Problem: Leave the pictures out. Transcribe exactly every line from the start of the records through the one containing "Invitation Palm Tree".

── Records for the task

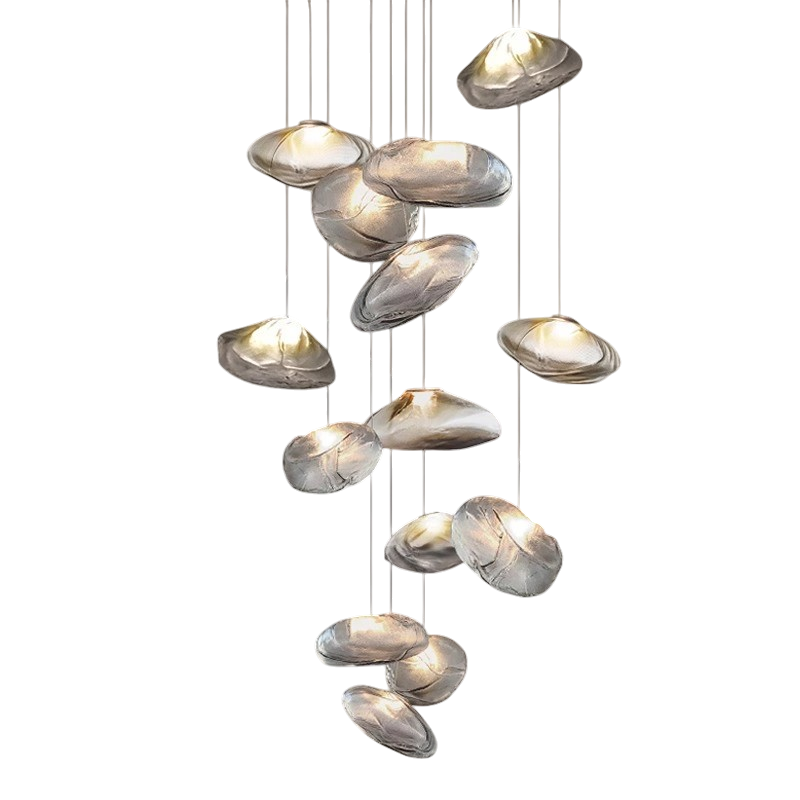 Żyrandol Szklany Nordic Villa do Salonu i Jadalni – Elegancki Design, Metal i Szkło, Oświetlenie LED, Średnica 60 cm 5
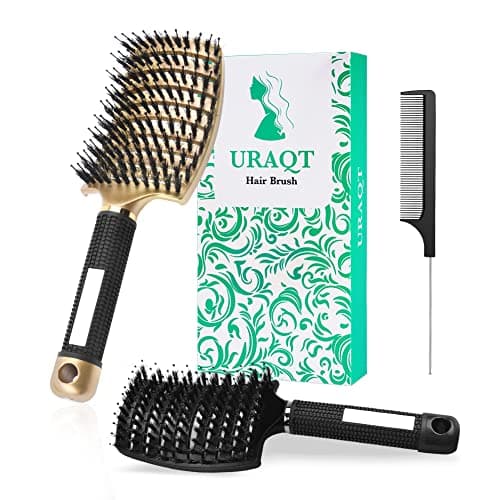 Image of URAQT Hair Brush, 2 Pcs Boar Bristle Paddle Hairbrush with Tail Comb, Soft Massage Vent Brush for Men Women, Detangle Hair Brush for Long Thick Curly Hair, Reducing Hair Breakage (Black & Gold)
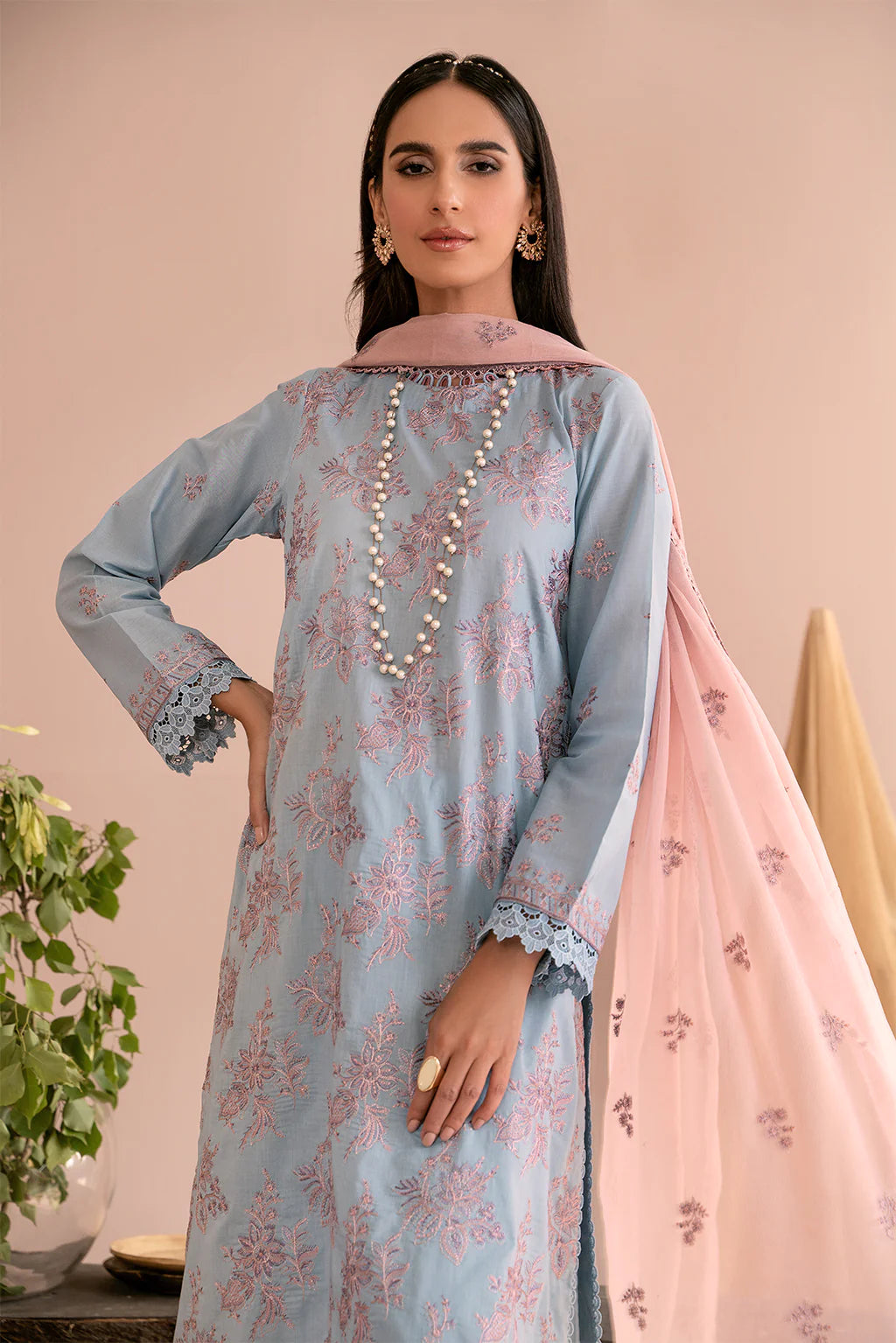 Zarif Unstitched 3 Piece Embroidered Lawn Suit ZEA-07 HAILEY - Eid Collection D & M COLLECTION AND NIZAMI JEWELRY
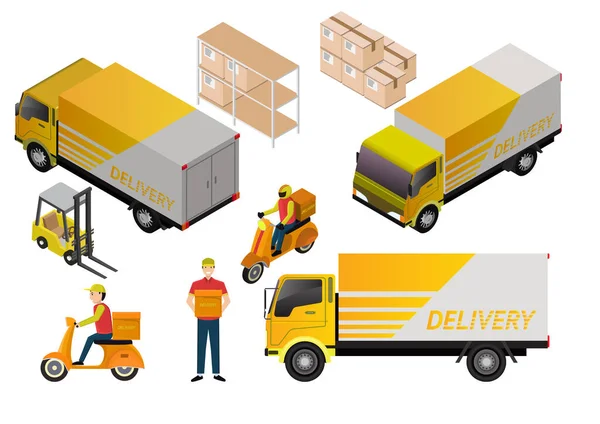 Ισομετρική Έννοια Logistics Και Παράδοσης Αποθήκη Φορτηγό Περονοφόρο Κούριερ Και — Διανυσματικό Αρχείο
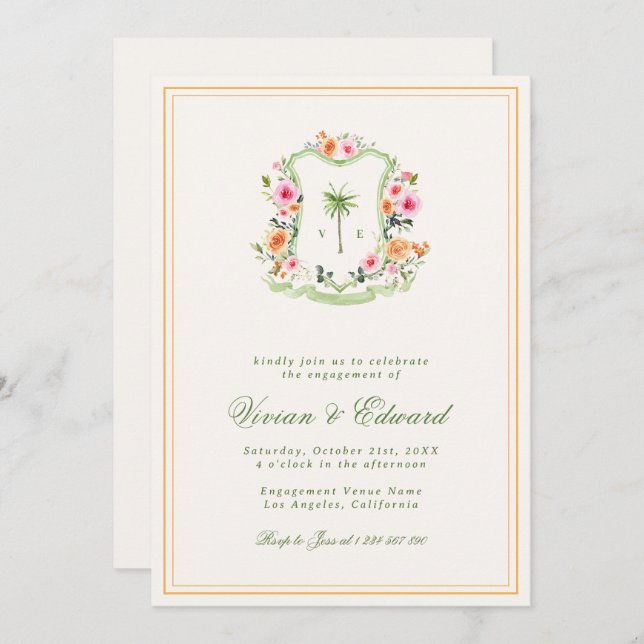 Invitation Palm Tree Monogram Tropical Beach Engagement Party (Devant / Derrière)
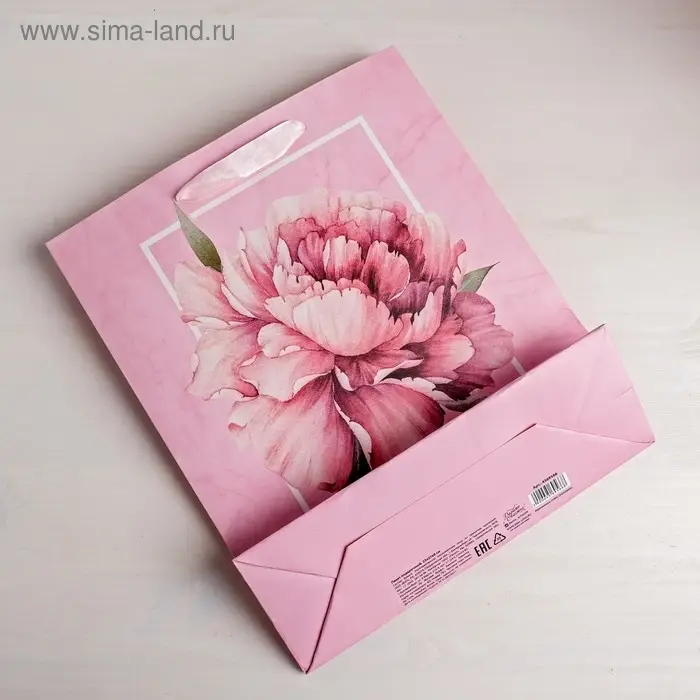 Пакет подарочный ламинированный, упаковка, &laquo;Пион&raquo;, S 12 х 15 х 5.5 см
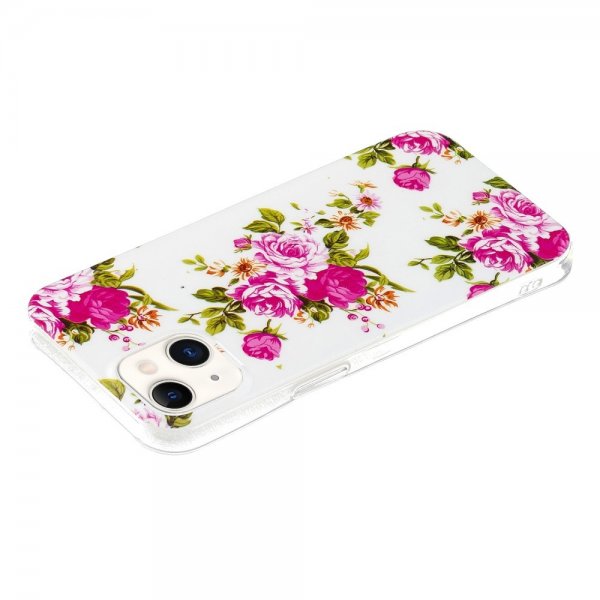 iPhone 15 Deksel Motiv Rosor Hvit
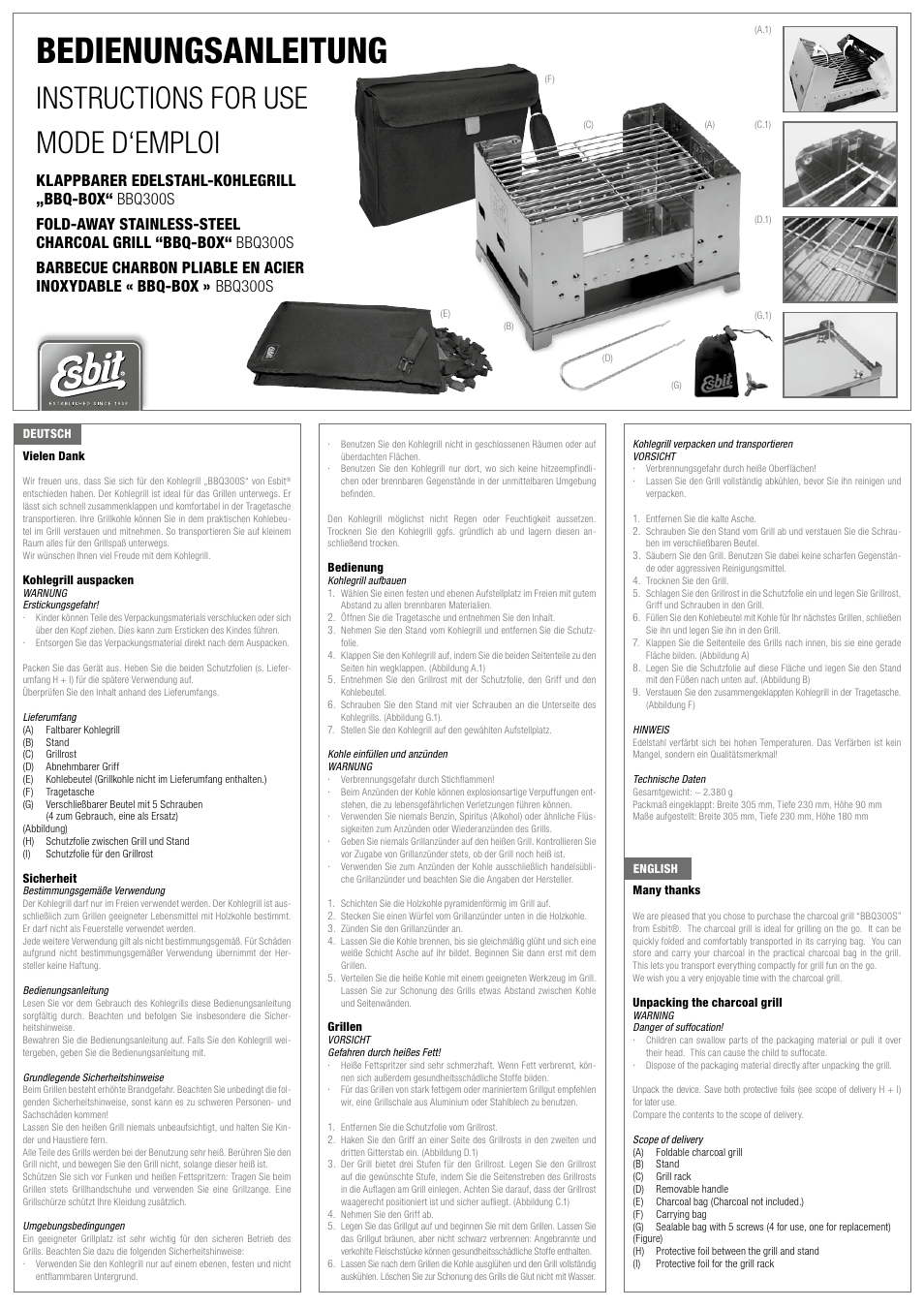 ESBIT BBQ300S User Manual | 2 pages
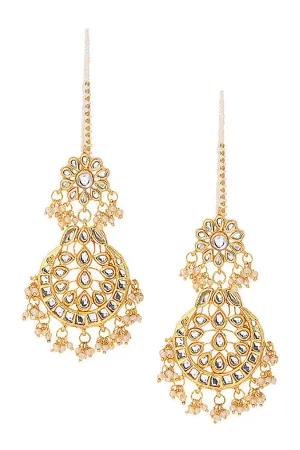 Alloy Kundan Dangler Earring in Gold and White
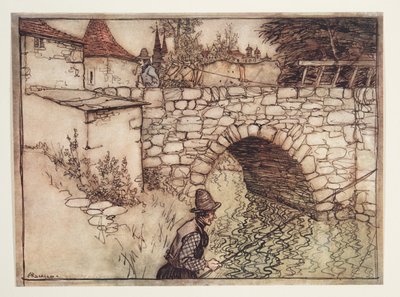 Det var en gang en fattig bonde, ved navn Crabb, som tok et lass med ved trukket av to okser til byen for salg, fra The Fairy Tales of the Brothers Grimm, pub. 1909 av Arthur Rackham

────

Solution:
 Żyrandol Szklany Nordic Villa do Salonu i Jadalni – Elegancki Design, Metal i Szkło, Oświetlenie LED, Średnica 60 cm 5
 Image of URAQT Hair Brush, 2 Pcs Boar Bristle Paddle Hairbrush with Tail Comb, Soft Massage Vent Brush for Men Women, Detangle Hair Brush for Long Thick Curly Hair, Reducing Hair Breakage (Black & Gold)
 Zarif Unstitched 3 Piece Embroidered Lawn Suit ZEA-07 HAILEY - Eid Collection D & M COLLECTION AND NIZAMI JEWELRY
 Ισομετρική Έννοια Logistics Και Παράδοσης Αποθήκη Φορτηγό Περονοφόρο Κούριερ Και — Διανυσματικό Αρχείο
 Invitation Palm Tree Monogram Tropical Beach Engagement Party (Devant / Derrière)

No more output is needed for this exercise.